Mosaic's total production of 211,000 barrels of oil equivalent was lower than the previous result of 215,000 barrels.
Revenue for the period also dropped to $9.36 million, down from $9.7 million.
Mosaic chairman David Herlihy said the half-year result reflected the higher output and sales of natural gas, but lower production and sales of LPG and oil/condensate from the company's Surat-Bowen Basin operations.
"The results continue a trend of maintaining our revenue since the December 2003 half-year, and reflect the company's overall commitment to maximise production from its current facilities," he said.
"This is a strong platform which our exploration and development program will build on."
Mosaic is about to kick-off its 2008 drilling program, aimed at boosting production in the Bowen Basin.
The accelerated drilling program is due to start early this month and has the potential to impact positively on the company's operational and financial performance for fiscal 2008.
CS Energy farm-in
In other company news, Mosaic has agreed to supply CS Energy with up to 20PJ of gas from PL 202 until March 2013.
Under this deal, CS Energy will pay to drill and, if necessary, complete two horizontal wells in the Waggamaba up to a cost for $7 million in 2009.
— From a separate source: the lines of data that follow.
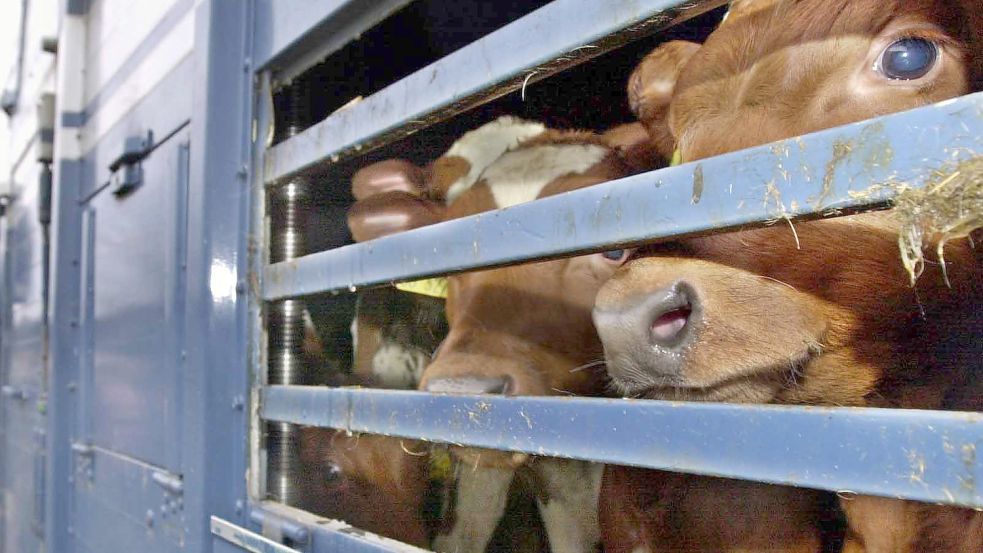 Tierschützer kritisieren seit Langem die lagen Transportzeiten bei Rinderexporten in Drittstaaten. Die Exporteure bestreiten, dass die Tiere unterwegs leiden. Foto: DPA
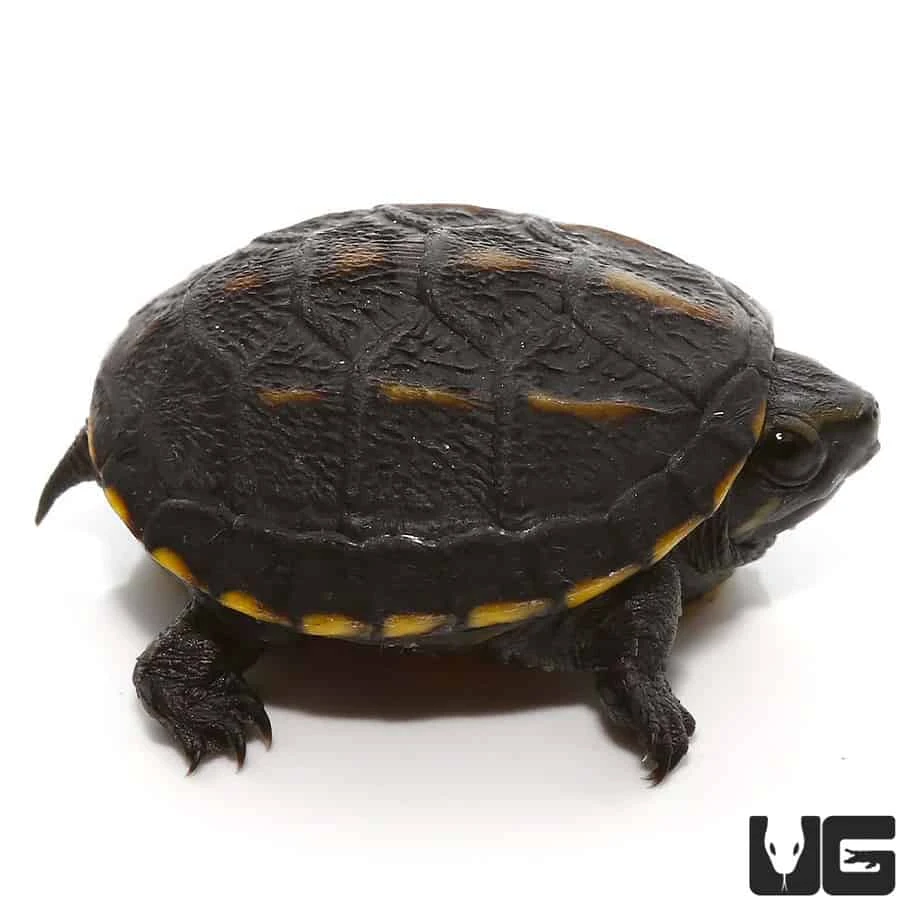 Baby Three Striped Mud Turtle - Image 4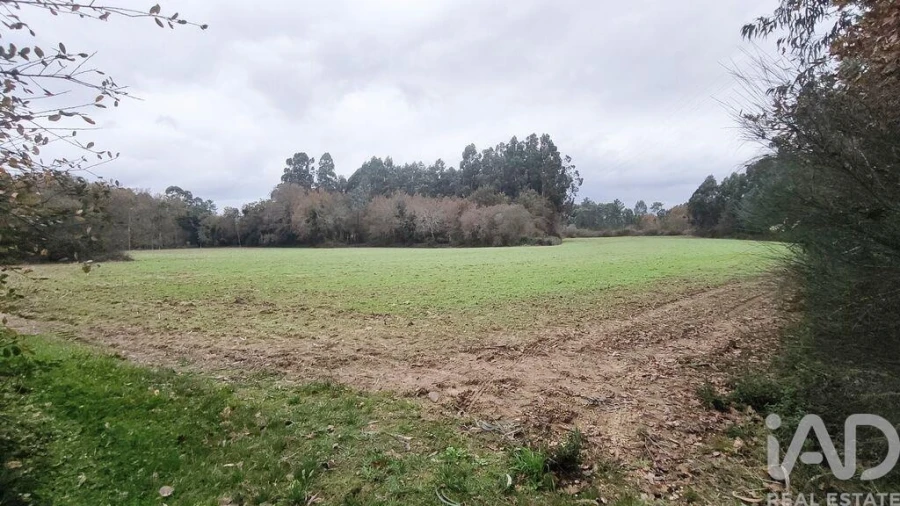 Terreno para Venda em Cornes Foto 4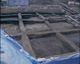 FileNo.030-153.jpg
In return, CS Energy will receive 50% of any gas production and 35% of the associated free oil and condensate production from the two wells.
Mosaic will keep the remainder.
CS Energy also has the right to fund two additional horizontal wells at the field this year under the same terms, as well as two wells in PL 202.
The agreement also covers the continuing supply of gas under Mosaic's existing gas sale agreement with CS Energy until 2010.